CIAMISPOST – Layanan Perpustakaan Keliling milik Dinas Perpustakaan dan Kearsipan (Dispusip) Kabupaten Ciamis menjadi salah satu layanan yang paling diminati dalam kegiatan PEPATAH MANIS (Pelayanan Terpadu Pemerintah untuk Masyarakat Ciamis). Kehadiran mobil perpustakaan berhasil menarik perhatian ratusan siswa yang antusias membaca berbagai koleksi buku yang disediakan.

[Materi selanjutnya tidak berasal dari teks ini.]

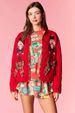 Women's Clothing Women's Christmas Long Sleeve Cotton Coat With 3D Bow & Soldier Print – Cozy Winter Outerwear For Holiday Season_ecoleips.com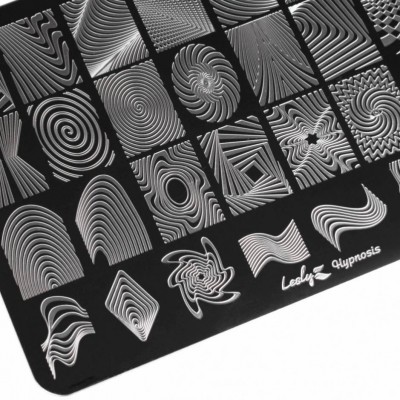 Пластина для стемпинга Lesly 9,5х14,5см - Hypnosis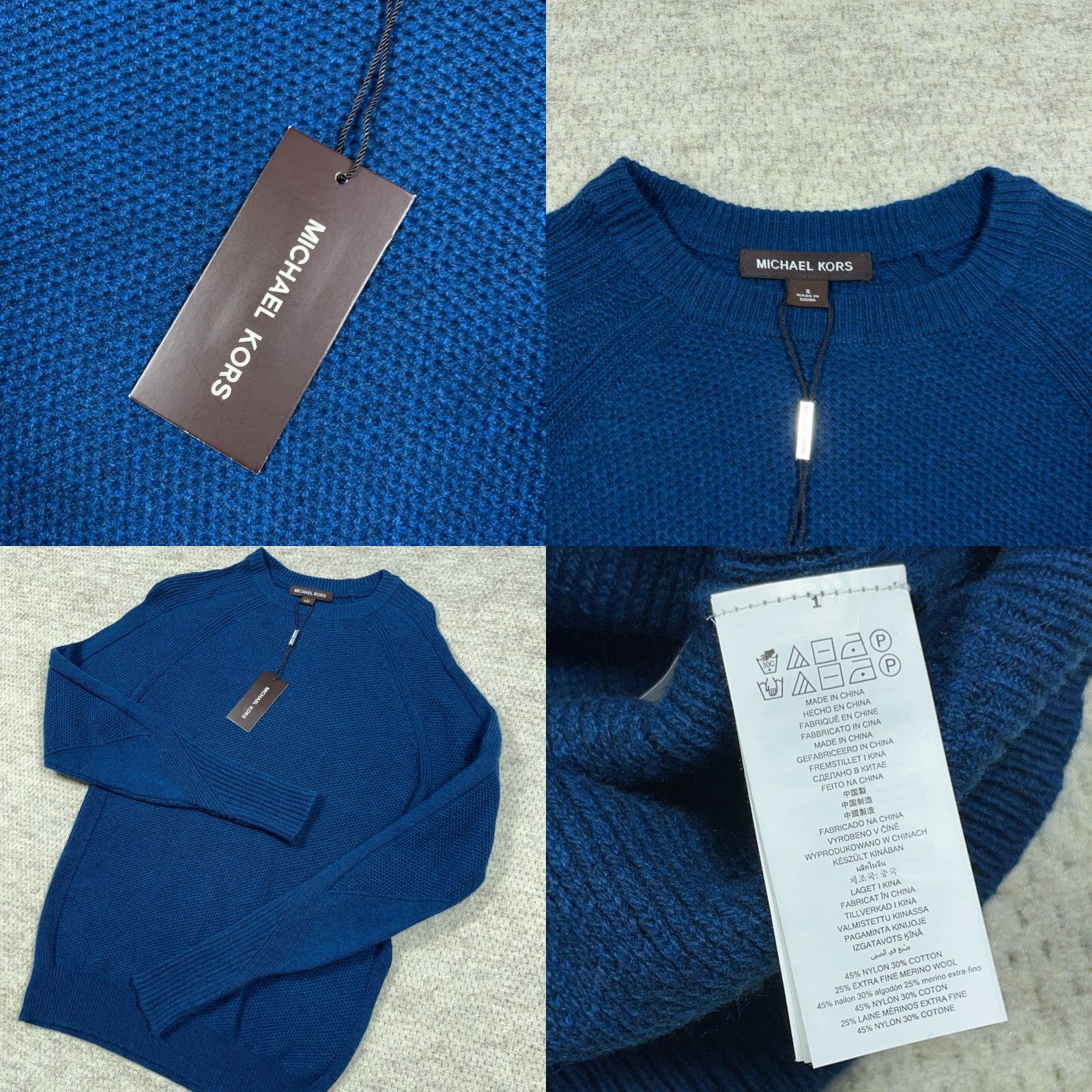Michael Kors Michael Kors Sweater Men S Blue Crew Neck Pullover Knit Wool Nylon Cotton Logo 90s Classic Preppy Indoor Outdoor All Seasons Regular Size US S / EU 44-46 / 1 - 8 Thumbnail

PEPATAH MANIS merupakan inovasi Pemerintah Kabupaten Ciamis yang menghadirkan beragam layanan publik secara terpadu di satu lokasi. Selain memudahkan masyarakat mengakses layanan administrasi, kesehatan, dan perizinan, program ini juga menjadi media untuk mendekatkan layanan literasi melalui Perpustakaan Keliling.

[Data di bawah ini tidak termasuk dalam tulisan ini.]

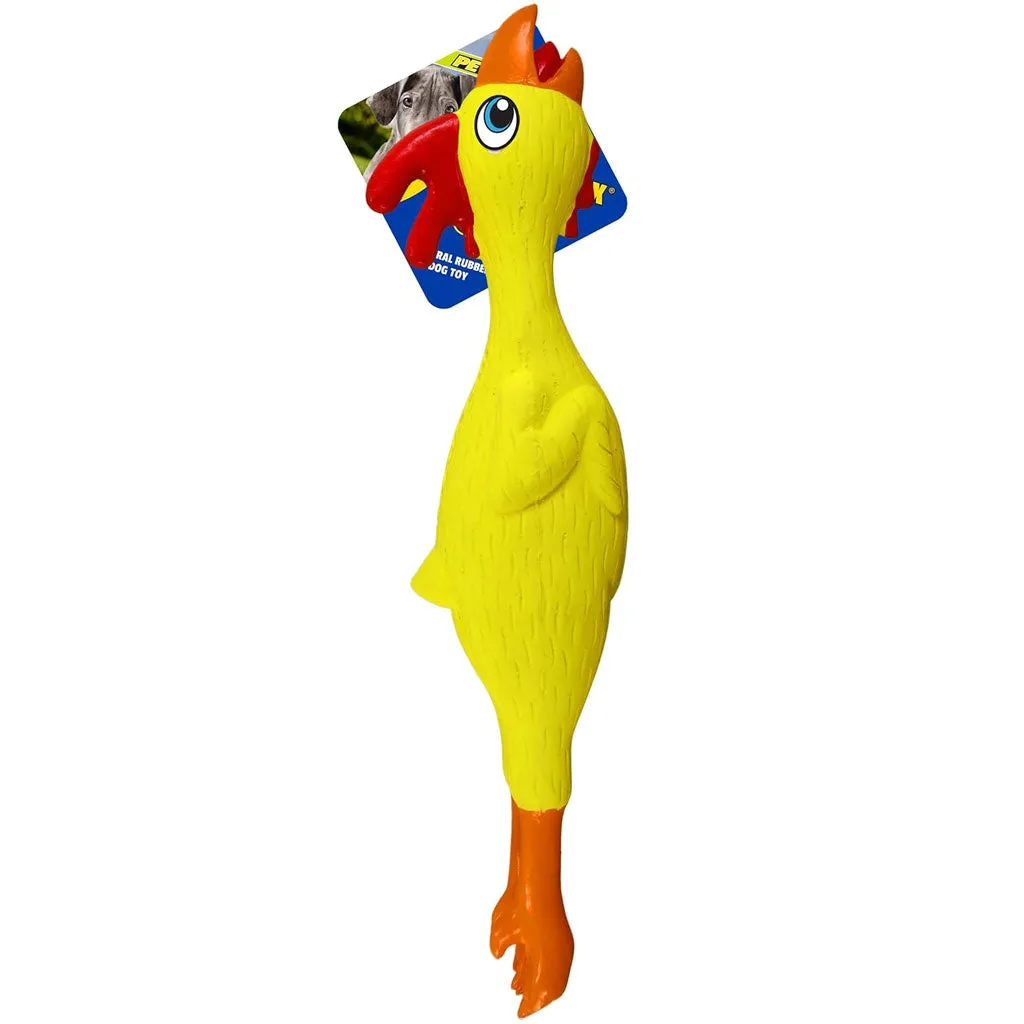 Petsport USA NaturFlex Latex Rubber Chicken Dog Toy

Sejak kegiatan dimulai, area Perpustakaan Keliling dipadati para pelajar. Mereka bergantian memilih buku, membaca bersama, hingga berdiskusi dengan teman maupun pendamping. Antusiasme tersebut menunjukkan tingginya minat baca anak-anak ketika bahan bacaan disediakan secara mudah dan dekat dengan lingkungan mereka.

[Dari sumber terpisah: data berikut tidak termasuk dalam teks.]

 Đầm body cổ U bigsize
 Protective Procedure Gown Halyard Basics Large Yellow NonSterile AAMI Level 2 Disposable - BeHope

Kepala Dinas Perpustakaan dan Kearsipan Kabupaten Ciamis, H. Okta Jabal Nugraha, mengatakan kehadiran Perpustakaan Keliling dalam PEPATAH MANIS merupakan bentuk komitmen pemerintah daerah untuk memastikan layanan literasi dapat menjangkau seluruh lapisan masyarakat.
“Kami ingin memastikan bahwa layanan perpustakaan tidak hanya tersedia di gedung perpustakaan, tetapi juga hadir langsung di tengah masyarakat melalui berbagai kegiatan pemerintah. Dengan cara ini, akses terhadap bahan bacaan menjadi lebih mudah dijangkau oleh semua kalangan, terutama anak-anak,” ujar Okta.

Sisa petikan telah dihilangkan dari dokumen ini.